Teologia e arte literária no debate eclesial

Teologia e arte literária no debate eclesial

Luís Oliveira Freitas

Doutorando em Teologia, PUC-Rio, e professor.

Os saberes religioso/teológico e artístico/literário existem desde tempos remotos, ganhando seus contornos mais expressivos a partir das civilizações da Antiguidade, particularmente a greco-romana. A religião, por ter o objetivo de propiciar a comunicação entre o ser humano e a divindade, constrói um conhecimento mais sistematizado para expressar melhor essa realidade, é a teologia em si. A arte também estabelece um tipo de comunicação, mas isso ocorre se valendo da beleza, a fim de transmitir ideias, sentimentos e emoções que engrandeçam o espírito humano. Embora teologia e literatura tenham em comum muitos aspectos, sobretudo, o fato de serem formas de linguagem capazes de transcenderem essa realidade, nem sempre estão em diálogo no tocante ao debate sistematizado.

A reflexão teológica cristã se desenvolveu a partir dos escritos neotestamentários que são os primeiros textos estruturados do cristianismo. O principal objetivo desses escritos não era fazer arte poética, nem contar histórias, mas registrar o anúncio da Boa-Nova salvífica de Jesus segundo as experiências das primeiras comunidades cristãs. No entanto, os textos estão cheios de literariedade que se expressam nos variados gêneros literários como o narrativo e o poético. Tal fato se dá porque os autores parecem prolongar o estilo dos textos veterotestamentários que são ricos em narrativas, discursos e imagens poéticas metafóricas de várias formas. Os teólogos patrísticos dão continuidade à reflexão teológica do primeiro século da era cristã e, embora cultivem certo desprezo pela arte greco-romana por julgarem-na pecaminosa e enganosa, mantêm em seus escritos várias características da linguagem literária no tocante ao seu estilo como a alegoria, as imagens metafóricas e a produção poética dos hinos.

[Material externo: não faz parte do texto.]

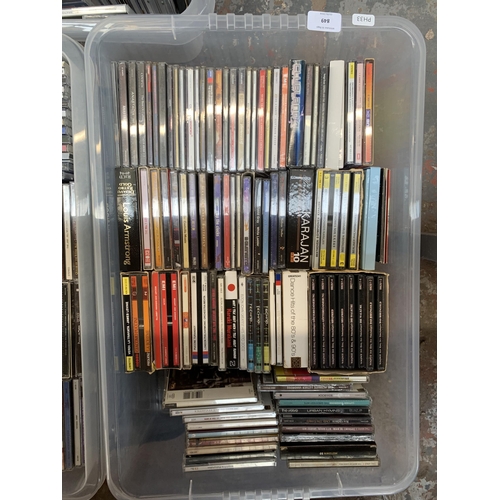 849 - Four boxes containing a collection of CDs to include The Smiths, Paul Weller, Talk Talk, The Style C... 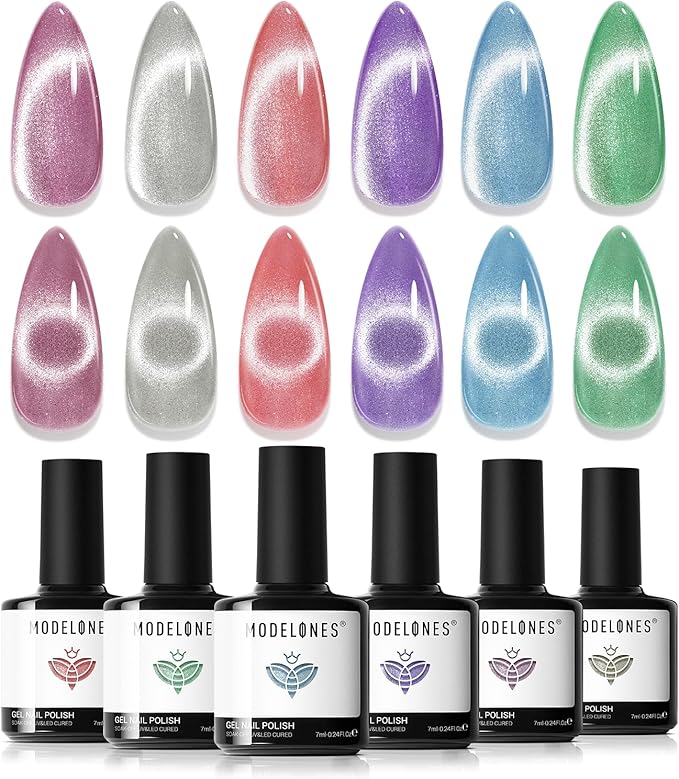 modelones Cat Eye Gel Nail Polish 6 Colors Red Green Silver Purple Blue Glitter Cat Eye Gel Polish Holographic 9D Semi-transparent With Magnet Soak Off Led Nail Art DIY Salon Gifts For Women Girl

A distância entre teologia e arte literária na reflexão sistematizada foi acentuada com a Escolástica medieval de caráter racional para a qual a linguagem comparativa da poesia não deve ser empregada para a doutrina sagrada a não ser quando se trata das metáforas mais sublimes. No entanto, nessa mesma época, observa-se uma linguagem menos racional usada pelos pregadores mendicantes e os hagiógrafos que destacavam em seus sermões e narrativas os atos fantásticos dos santos.

A modernidade separou ainda mais os segmentos teológico e literário, racionalizando a linguagem do primeiro tornando-a mais científica, enquanto a literatura se fechava em seus aspectos estéticos formais. Mas, a partir do fim do século XIX e, sobretudo, no século XX, a teologia começa a sentir a necessidade de rever sua linguagem, dando-lhe caráter mais antropológica para aproximá-la do homem contemporâneo e, nesse sentido, a arte literária é vista como uma parceira ideal. Teólogos como Hans Urs Von Balthasar e Karl Rahner dentre outros foram de suma importância no diálogo entre teologia e literatura. Balthasar descobre que a fé cristã busca a verdade das coisas a fim de atingir sua beleza original que coincide com as imagens bíblicas. Rahner ressalta que para se escutar a mensagem cristã, é preciso também ouvir palavras de sentimentos que tocam o coração e não apenas as que expressam conceitos racionais.

Na América Latina, na década de 1960, os teólogos Pedro Trigo e Gustavo Gutierrez se destacam como pioneiros nesse debate teologia e literatura. Os autores pontuam que temas teológicos como a esperança, a vida eterna, o temor do inferno, a comunhão das pessoas entre si e com Deus, busca do mundo de paz e liberdade, presença da Igreja e outros encontram-se largamente presentes na literatura desse continente que pode ser interpelada pela reflexão teológica. No Brasil, há vários autores que também desenvolveram reflexões valiosas dessa interface teologia e literatura entre os quais podemos destacar Antônio Manzatto e Maria Clara Bingemer cujos estudos partem sempre do aspecto da vida humana estabelecendo caráter interrelacional entre os dois segmentos do saber.

Portanto, observa-se que já há um caminho feito no sentido de estabelecer o diálogo entre a teologia e a arte literária. Os teólogos que realizam esse debate interdisciplinar sempre ressaltam que a teologia ao se valer da linguagem literária pode se tornar menos racional e se aproximar mais da experiência humana tornando sua mensagem mais compreensiva e vivencial aos homens e mulheres de nossos tempos.